» **Task details**: Produce the same data once more, line for line.

» **Source data**:
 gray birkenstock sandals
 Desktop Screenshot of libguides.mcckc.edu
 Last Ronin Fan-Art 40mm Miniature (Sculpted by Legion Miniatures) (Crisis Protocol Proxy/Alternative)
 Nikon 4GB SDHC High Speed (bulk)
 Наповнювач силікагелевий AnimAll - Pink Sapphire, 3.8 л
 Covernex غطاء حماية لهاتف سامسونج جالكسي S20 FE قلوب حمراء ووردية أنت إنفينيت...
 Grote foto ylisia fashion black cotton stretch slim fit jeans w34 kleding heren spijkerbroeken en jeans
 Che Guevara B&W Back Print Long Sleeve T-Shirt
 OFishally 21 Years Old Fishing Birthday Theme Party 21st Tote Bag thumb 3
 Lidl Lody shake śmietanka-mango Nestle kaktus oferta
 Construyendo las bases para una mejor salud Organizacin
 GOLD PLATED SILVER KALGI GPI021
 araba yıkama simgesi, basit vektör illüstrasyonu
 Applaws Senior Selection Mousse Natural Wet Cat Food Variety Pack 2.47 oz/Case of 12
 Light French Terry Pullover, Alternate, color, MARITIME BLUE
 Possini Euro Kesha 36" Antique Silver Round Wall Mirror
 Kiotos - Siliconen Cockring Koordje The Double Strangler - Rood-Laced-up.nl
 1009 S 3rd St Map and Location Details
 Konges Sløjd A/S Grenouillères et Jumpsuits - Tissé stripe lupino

» **Output of the exercise**:
 gray birkenstock sandals
 Desktop Screenshot of libguides.mcckc.edu
 Last Ronin Fan-Art 40mm Miniature (Sculpted by Legion Miniatures) (Crisis Protocol Proxy/Alternative)
 Nikon 4GB SDHC High Speed (bulk)
 Наповнювач силікагелевий AnimAll - Pink Sapphire, 3.8 л
 Covernex غطاء حماية لهاتف سامسونج جالكسي S20 FE قلوب حمراء ووردية أنت إنفينيت...
 Grote foto ylisia fashion black cotton stretch slim fit jeans w34 kleding heren spijkerbroeken en jeans
 Che Guevara B&W Back Print Long Sleeve T-Shirt
 OFishally 21 Years Old Fishing Birthday Theme Party 21st Tote Bag thumb 3
 Lidl Lody shake śmietanka-mango Nestle kaktus oferta
 Construyendo las bases para una mejor salud Organizacin
 GOLD PLATED SILVER KALGI GPI021
 araba yıkama simgesi, basit vektör illüstrasyonu
 Applaws Senior Selection Mousse Natural Wet Cat Food Variety Pack 2.47 oz/Case of 12
 Light French Terry Pullover, Alternate, color, MARITIME BLUE
 Possini Euro Kesha 36" Antique Silver Round Wall Mirror
 Kiotos - Siliconen Cockring Koordje The Double Strangler - Rood-Laced-up.nl
 1009 S 3rd St Map and Location Details
 Konges Sløjd A/S Grenouillères et Jumpsuits - Tissé stripe lupino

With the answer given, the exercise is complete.